By John Terauds on September 8, 2012

Maltese tenor Joseph Calleja is part of today’s Last Night of the Proms festivities in London (Paul Zammit Cutajar photo)

It’s debatable whether classical music and opera are enhanced in a meaningful way by 3D presentations, but it’s worth checking it out in two very different forms at participating Cineplex theatres, starting with the famously energized Last Night of the Proms from Royal Albert Hall in London.

LAST NIGHT OF THE PROMS

The BBC Proms has to be the finest festival of classical music in the world, a summer-long affair that draws thousands into Royal Albert Hall, Cadogan Hall and ancillary venues, as well as being broadcast on BBC Radio 3.

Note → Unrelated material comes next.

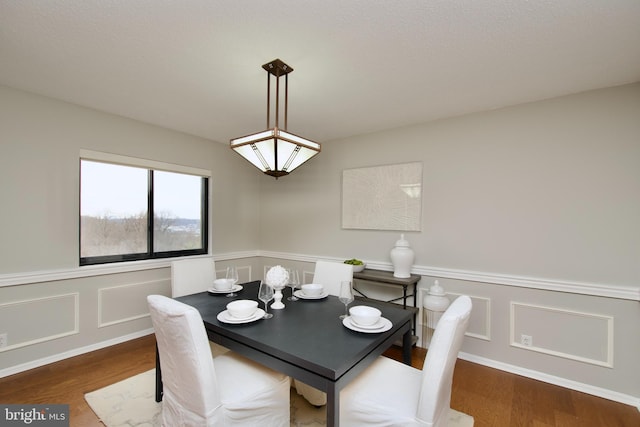 dining room featuring wainscoting, a decorative wall, and wood finished floors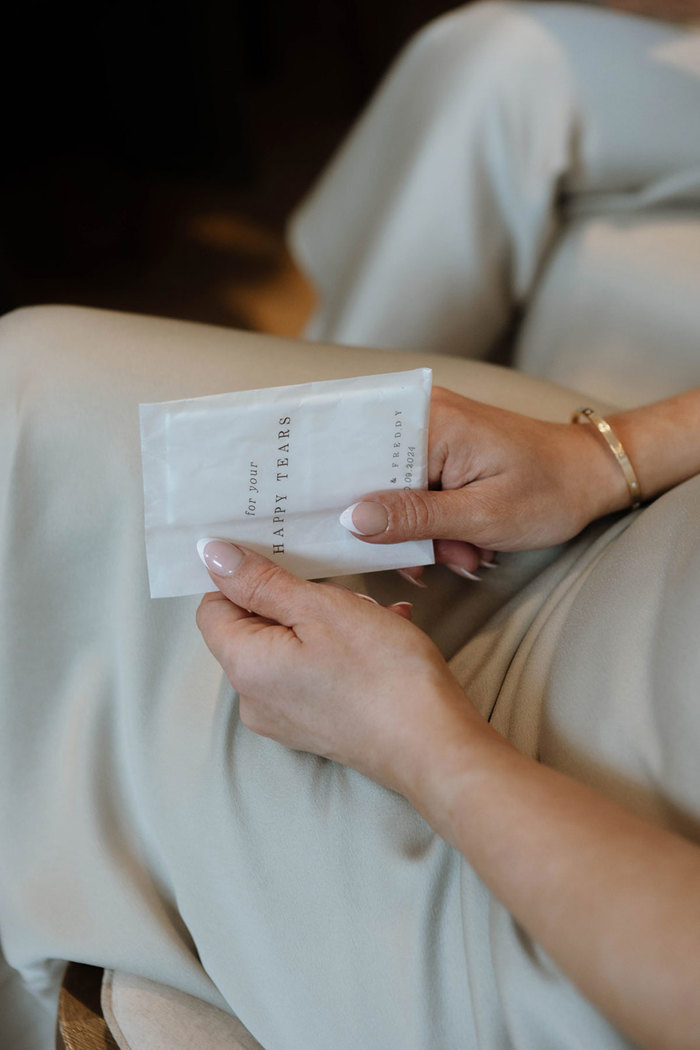 A close up of a woman holding a packet with the text 'For your Happy Tears'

The whole affair comes to its joyously crashing conclusion this evening (that 2:30 p.m. Eastern) in a three-and-a-half-hour concert featuring young British violin sensation Nicola Benedetti (playing Bruch’s Violin Concerto No. 1) and Maltese tenor Joseph Calleja (singing warhorse arias from Tosca and Turandot, Mario Lanza’s  vintage hit “Be My Love,” as well as Rodgers and Hammerstein’s “You’ll Never Walk Alone”).

There are frothy orchestral solos for the BBC Symphony and conductor Jirí Belohlávec, including the mandatory “Land of Hope and Glory” Pomp and Circumstance March No. 1 by Edward Elgar and C.H.H. Parry’s Jerusalem.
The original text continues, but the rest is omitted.